Dazed and Confused centers on a fictional high school class of '76. These seniors are bored, stoned and generally disinterested in any activity that doesn't have a beer attached to it. They devote the day to humiliating freshmen, while the freshmen search for sex and a good party. A few students occasionally ponder the future, only to draw a blank every time.

The kids experience some conflicts, in spite of their generally lackluster existence. The school's quarterback is feeling rebellious and doesn't want to sign the anti-drug pledge the coach is handing out. A freshman is attempting to score with a sophomore, who happens to be a friend of his hip, older sister. A few other freshmen are aching — literally — for revenge against a sadistic, paddle-wielding senior. And one of the school's liberal intellectuals has just decided that he doesn't want to become a lawyer for the ACLU — he wants to dance, instead.

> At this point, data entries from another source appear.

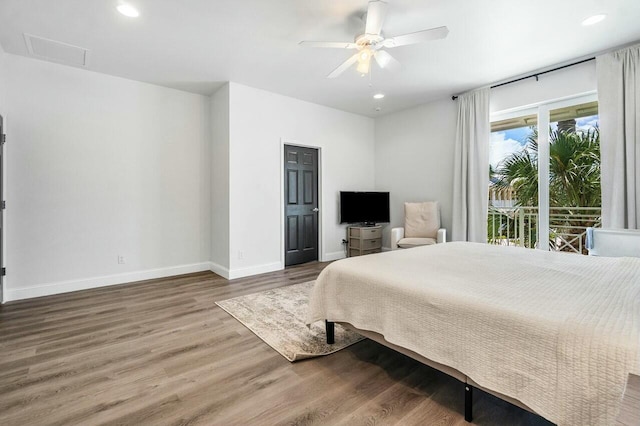 bedroom with recessed lighting, ceiling fan, baseboards, and wood finished floors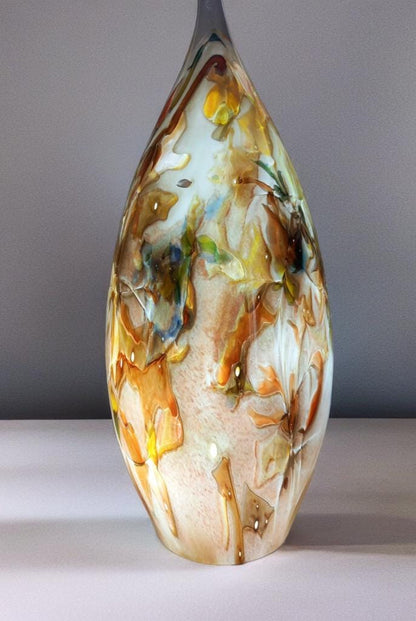 Hand Blown Glass Ghost Lamp: Art Deco Table Lamp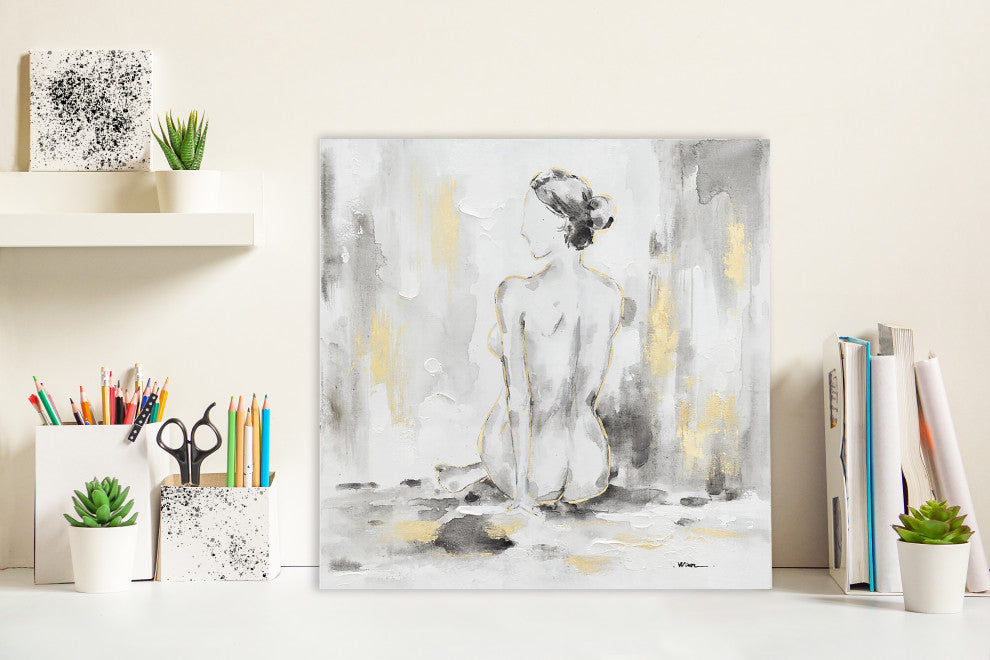 Abstract art beautiful woman -  Oil Painting Print on Wrapped Canvas, Wall Decor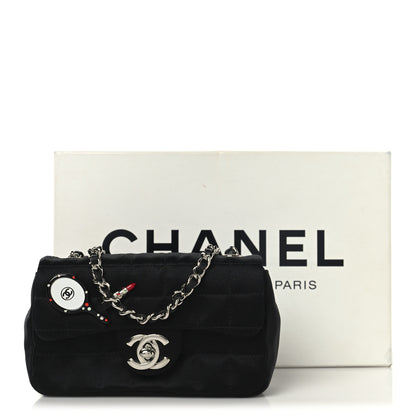 Chanel Satin Square Quilted Lipstick Charm Mini Flap Black 11 of 11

Despite these minor diversions, the bulk of the student body just wants to party, and a good chunk of Dazed and Confused is devoted to the quest for the perfect beer blow-out. When they find it, it turns out to be large, loud and dull. No wonder these kids are moody about the future — they can't even party with gusto.

The movies pervading sense of aimlessness is meant to reflect the blankness that characterized the late '70s. The kids in the film were born too late to join the counter-culture and too early for the punk rebellion. They're smart enough to discuss questions of sexual irony in Gilligan's Island, but they're not perceptive enough to recognize the irony in their own conversations. Most importantly, they define themselves by what they're not — and they never move beyond that negative perspective.

Dazed and Confused does a nice job of realistically portraying the free-floating drift of this generation. Unfortunately, the film, like its characters, doesn't have an identity of its own. It simply meanders through its own state of confusion until the screen goes blank.